IPP: no resentencing mechanism for the 2,400 people still imprisoned on an abolished sentence
Imprisonment for Public Protection was abolished in 2012 but not retrospectively. Over 2,400 people remain in prison on IPP sentences; 1,012 had never been released as of 31 March 2025, many held years or decades past short tariffs. The Justice Committee recommended a resentencing exercise in 2022; successive governments refused, including the current one (ministers Dakin and Timpson, while calling IPP 'a stain on our justice system'). The Victims and Prisoners Act 2024 and Sentencing Act 2026 shortened licence periods, helping those already released, not the unreleased. Lord Woodley's private member's bill requiring resentencing within 24 months reached Lords committee in July 2025 without government support. In January 2026 the UN special rapporteur on torture urged judicial reconsideration of all IPP sentences. UNGRIPP, the Prison Reform Trust and the Howard League campaign, but only legislation can resentence.

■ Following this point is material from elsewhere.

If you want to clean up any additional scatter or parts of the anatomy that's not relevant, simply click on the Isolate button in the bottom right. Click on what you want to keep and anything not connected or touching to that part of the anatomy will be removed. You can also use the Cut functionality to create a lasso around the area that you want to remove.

This is the UK's largest ongoing acknowledged injustice: people imprisoned indefinitely under a sentence Parliament abolished fourteen years ago, with self-harm and suicide rates far above average. Licence tweaks cannot help the never-released. Each year without a mechanism, more IPP prisoners die in custody than are steadily released.
A statutory resentencing exercise designed by an expert committee (the Justice Committee's 2022 model), phased to start with never-released post-tariff prisoners, with judicial discretion to impose determinate equivalents plus enhanced supervision, deliverable as amendments to the next criminal justice bill or the Woodley bill given government time.
// State-led: Instrument: resentencing legislation; Woodley bill given government time or amendments to the next criminal justice bill.
thousands remain imprisoned indefinitely on a sentence abolished fourteen years ago, dying in custody, while only legislation can resentence and a live private member's bill lacks government backing.